Enlightenment can bring to mind a glowing being levitating above the earth in lotus position, like Rae in The Rise of Skywalker floating above the forest, at one with The Force.

But the less sci-fi way to look at enlightenment is as this far endpoint of a gradual path toward eliminating our disturbing thoughts and emotions, letting the natural clarity and warmth of our human minds shine through. 

The power of enlightenment’s ideal

You don’t have to believe in complete and total enlightenment to improve your mind. But embracing—or even just imagining—this ideal can be helpful. And it can be useful to compare this ideal of enlightenment to another ideal: the ideal of world peace.
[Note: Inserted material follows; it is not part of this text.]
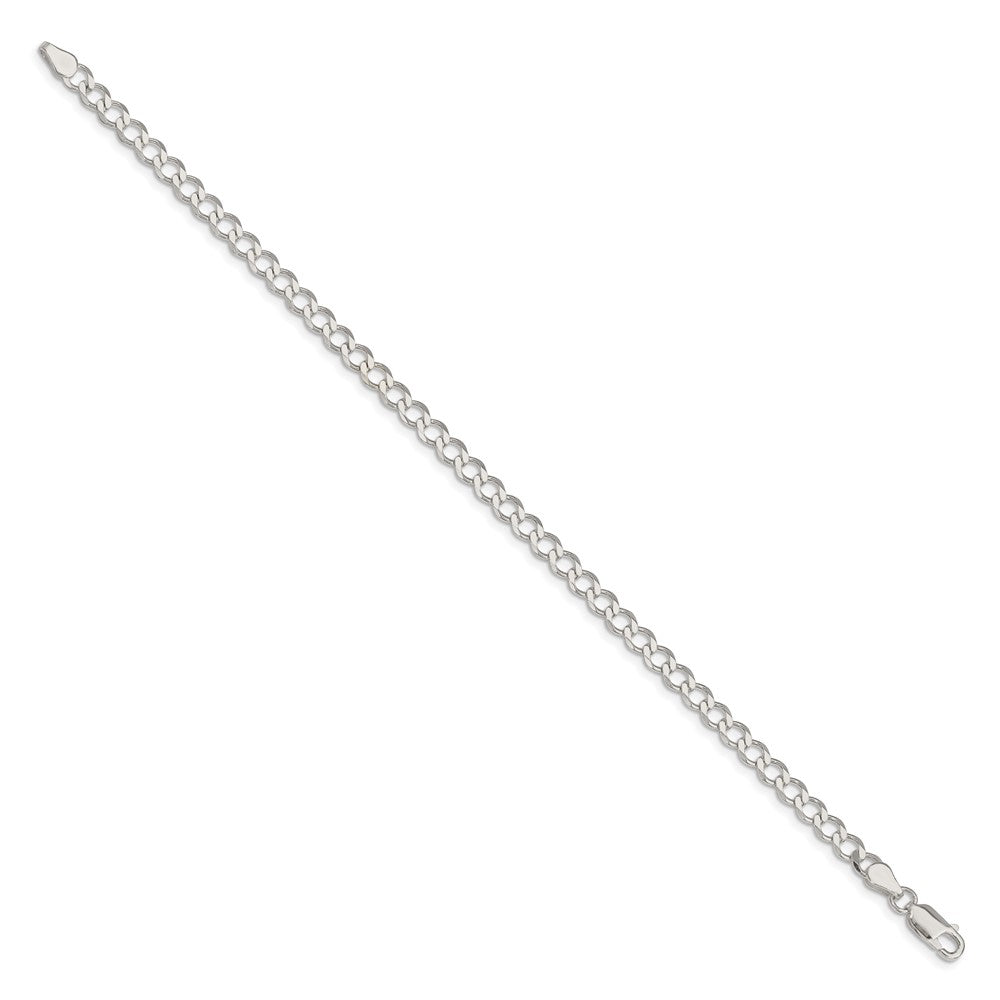 Sterling Silver 4.5mm Semi-solid Flat Curb Chain QLFB100-8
I was once at a talk by the Dalai Lama and someone asked him, “Why do you say you’re working for world peace? Don’t you know that’s impossible? There’s always going to be fighting of some sort.” The Dalai Lama pondered the question for some time, and then he answered. He said, “Yes, you are right. It is impossible to fully eliminate violence. However, if you have the ideal of world peace, then you will go as far toward that ideal as possible in your lifetime.”

So, just as the ideal of world peace guides an anti-war activist, the ideal of enlightenment—of totally eliminating one’s delusions and perfecting one’s good qualities—helps you advance as far in that direction as you can.

Science is confirming the benefits of mind training

But you don’t have to take the Dalai Lama’s word on this. Scientists have been studying both long-term meditators and people new to meditation. Though scientific research into meditation has only been going on for a couple of decades, studies suggest that meditation improves health, happiness, self-control, productivity, and our social connection to others

Psychology is also confirming the benefits of mind training approaches, with the expansion of Cognitive Behavioral Therapy, a technique that breaks down big scary problems into more manageable psychological bits that can be constructively approached with repetitive mental tools.

And psychologists are also moving beyond merely treating mental problems to enhancing their patients’ best qualities. It was only twenty years ago when a few psychologists noticed that their field had focused wholly on pathologies of the mind. This group of psychologists started a new field called “positive psychology” that addresses how to expand healthy states of mind. 

Some these “positive psychologists” have even turned to meditation techniques that enhance our natural goodness, drawing from lineages that have been practicing mind training for more than two millennia. There’s a great book by the psychologist Lorne Ladner called The Lost Art of Compassion that skillfully integrates heart-opening meditation techniques into a Western psychological framework.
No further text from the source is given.